Exercise description:
Below are some entries. Repeat exactly the lines from the one with "NY license plate FEJ7253" through the one with "Sellos del Mundo", and only those.

━━ Exercise inputs ━━

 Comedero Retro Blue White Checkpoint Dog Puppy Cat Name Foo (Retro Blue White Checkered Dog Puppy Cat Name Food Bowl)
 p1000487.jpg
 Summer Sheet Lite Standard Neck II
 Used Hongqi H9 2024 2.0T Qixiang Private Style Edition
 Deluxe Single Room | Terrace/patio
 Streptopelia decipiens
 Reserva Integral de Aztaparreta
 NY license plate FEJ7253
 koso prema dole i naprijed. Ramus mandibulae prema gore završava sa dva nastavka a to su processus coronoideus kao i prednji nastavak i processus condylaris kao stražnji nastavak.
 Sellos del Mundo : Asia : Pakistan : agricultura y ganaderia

━━━
━━ Exercise inputs ━━

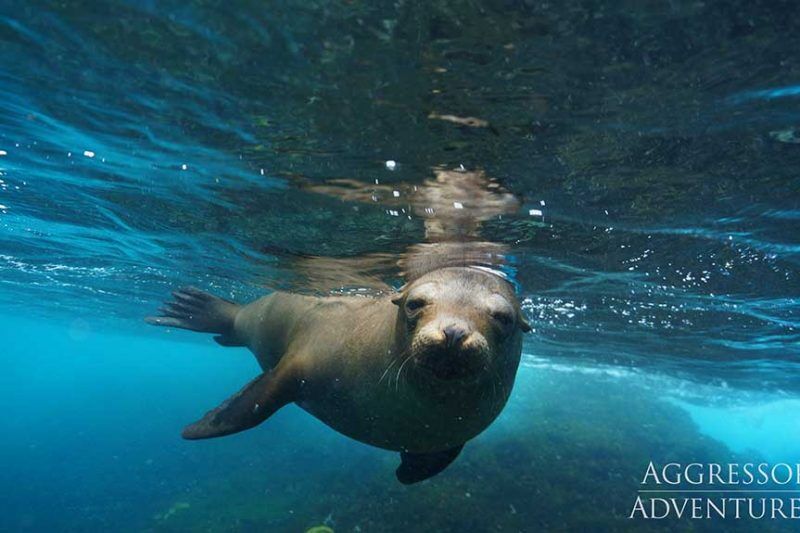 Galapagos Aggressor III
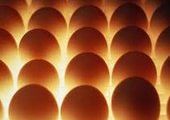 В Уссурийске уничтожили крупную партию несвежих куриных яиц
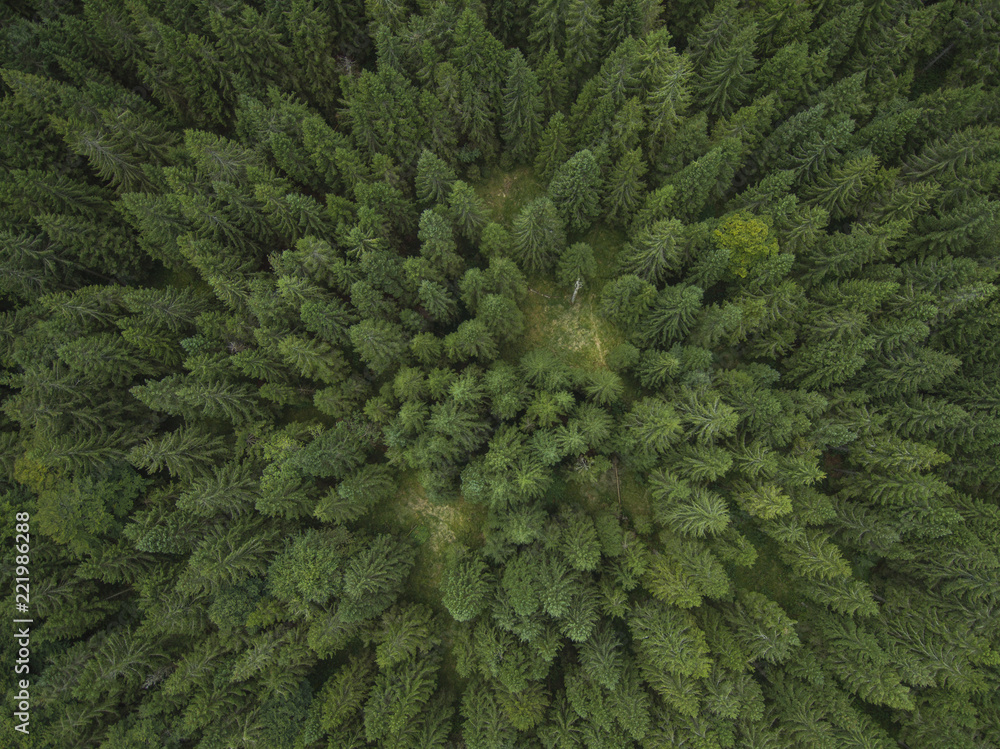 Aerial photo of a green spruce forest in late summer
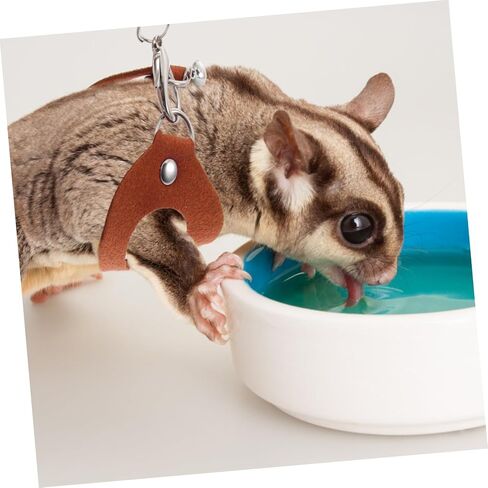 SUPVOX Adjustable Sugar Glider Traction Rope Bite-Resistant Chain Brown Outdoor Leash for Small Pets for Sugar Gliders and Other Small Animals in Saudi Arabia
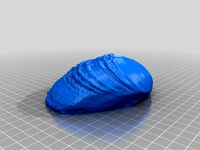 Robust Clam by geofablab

━━━

Response to the task:
 NY license plate FEJ7253
 koso prema dole i naprijed. Ramus mandibulae prema gore završava sa dva nastavka a to su processus coronoideus kao i prednji nastavak i processus condylaris kao stražnji nastavak.
 Sellos del Mundo : Asia : Pakistan : agricultura y ganaderia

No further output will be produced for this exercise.